Try using channel up to cycle through your choices.


----------



## kmcnamara (Jan 30, 2004)

Ron Barry said:


> Try using channel up to cycle through your choices.


Does that work for certain receivers? For my 721 and 921, it just moves the cursor to another box (the channel up and up-arrow are the same button).


----------



## Jordan420 (Nov 11, 2003)

jakattak said:


> The CSR may be confused, but there could be some validity to this. The $5 charge is an extra receiver/extra equipment outlet charge. This charge is applied to any extra tuner you have on your account. If you have a dual-tuner box like the 942 or 921, this fee is also applicable because even though there's only 1 box, it includes multiple tuners. The way you avoid the extra tuner fees with Dish is by having the box(es) connected to your phone all the time.
> 
> I've been getting nailed with the fee the past 18 months with 2 physical boxes (301 and 510) because my house did not have a phone line near either TV. I've actually just completed rewiring the the phone lines in the house and I added one near my living room TV so when my 622 is intalled Feb 25th, I can have it connected to a phone line and avoid the fee.

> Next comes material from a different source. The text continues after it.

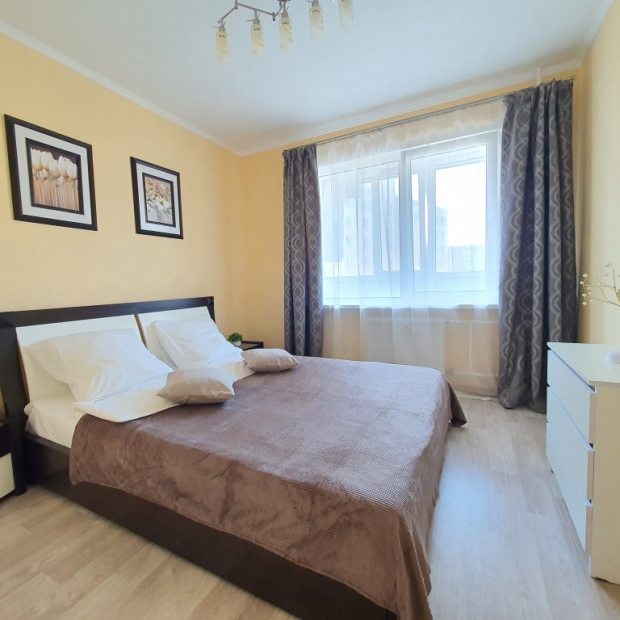 Фотографии квартиры
Апартаменты Живи Уютно на Монтклер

Neither of your receivers are incurring an extra fee because they are not connected to a phone line.
Neither one is a dual tunner.
Plug phone lines in if you like but your bill will not go down


----------



## Ron Barry (Dec 10, 2002)

kmcnamara said:


> Does that work for certain receivers? For my 721 and 921, it just moves the cursor to another box (the channel up and up-arrow are the same button).


I was mainly speaking about the 942. Not sure if it works with the 921 and 721. I wil try it tonight if I get a chance.


----------